(About this task): In the material below, the lines between the one holding "Terrazza - Semi-detached house Via Innessa" and the one holding "Oxford Cloth Toolkit", inclusive, are to be set down word for word. Pictures stay out.

(Given data):
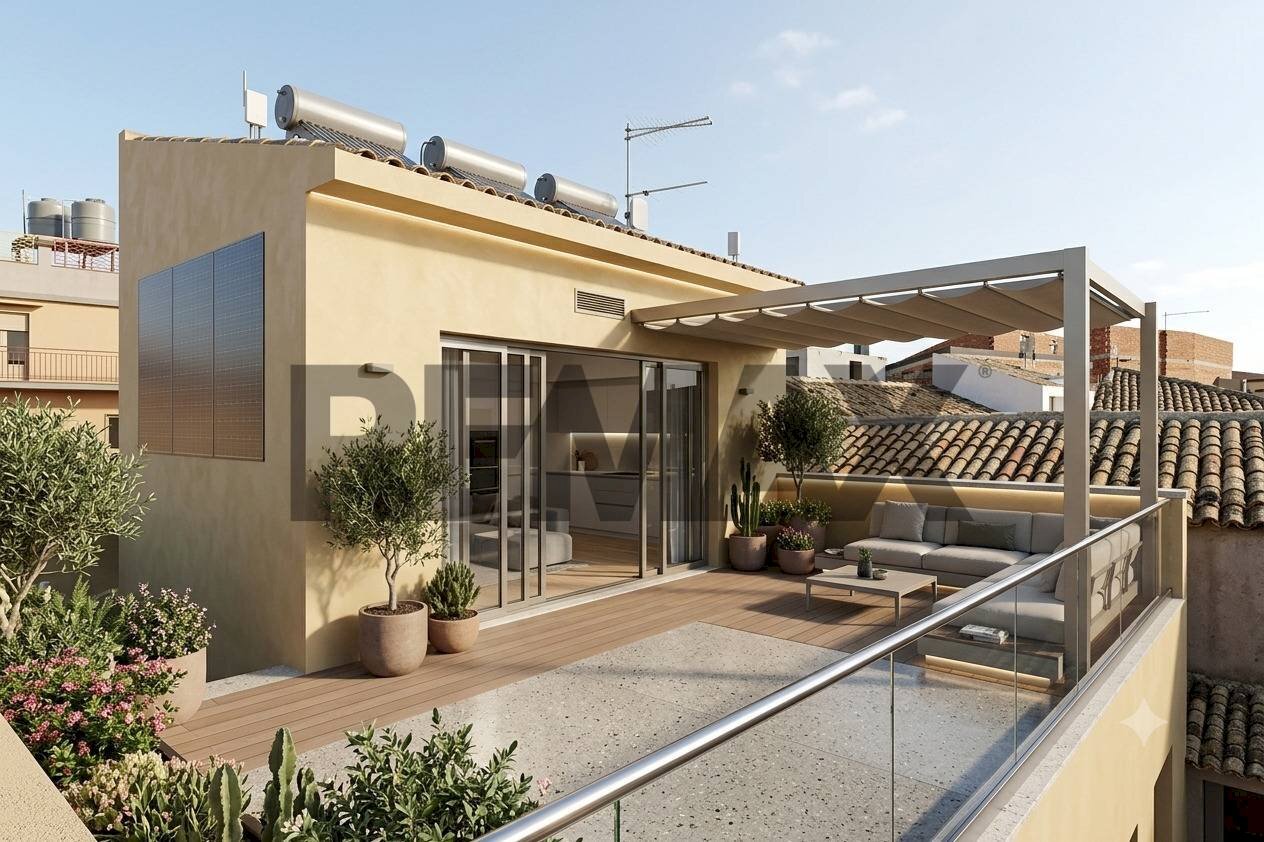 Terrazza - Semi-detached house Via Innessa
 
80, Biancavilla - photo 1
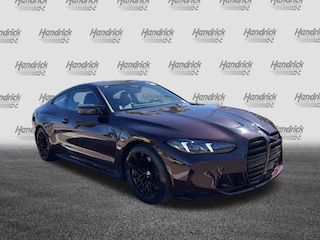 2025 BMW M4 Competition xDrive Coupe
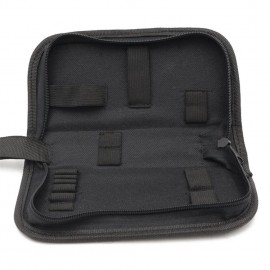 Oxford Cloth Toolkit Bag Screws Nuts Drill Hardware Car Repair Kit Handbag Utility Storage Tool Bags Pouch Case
---
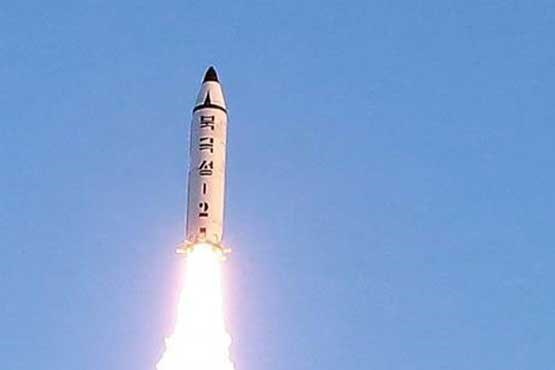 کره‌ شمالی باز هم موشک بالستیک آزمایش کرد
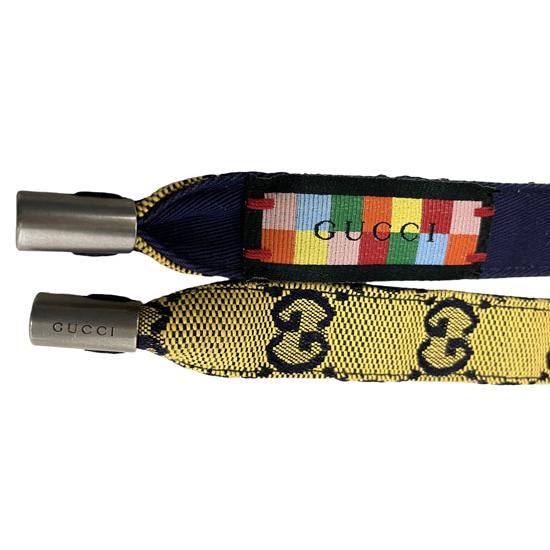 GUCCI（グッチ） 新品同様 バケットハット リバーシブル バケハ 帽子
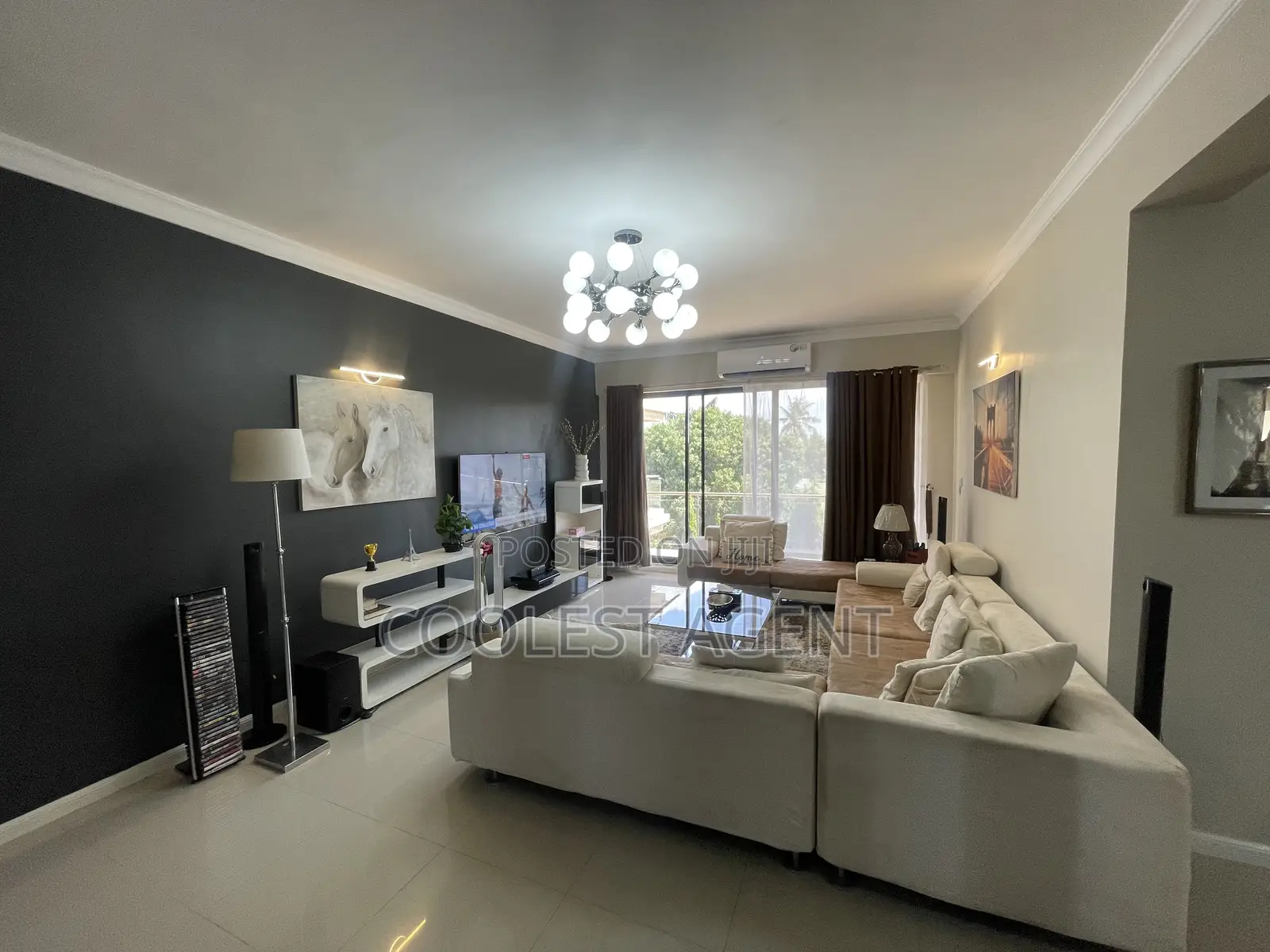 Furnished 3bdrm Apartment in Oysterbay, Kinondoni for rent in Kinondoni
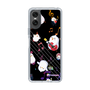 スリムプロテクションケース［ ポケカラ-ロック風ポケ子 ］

(Result):
 Terrazza - Semi-detached house Via Innessa
 
80, Biancavilla - photo 1
 2025 BMW M4 Competition xDrive Coupe
 Oxford Cloth Toolkit Bag Screws Nuts Drill Hardware Car Repair Kit Handbag Utility Storage Tool Bags Pouch Case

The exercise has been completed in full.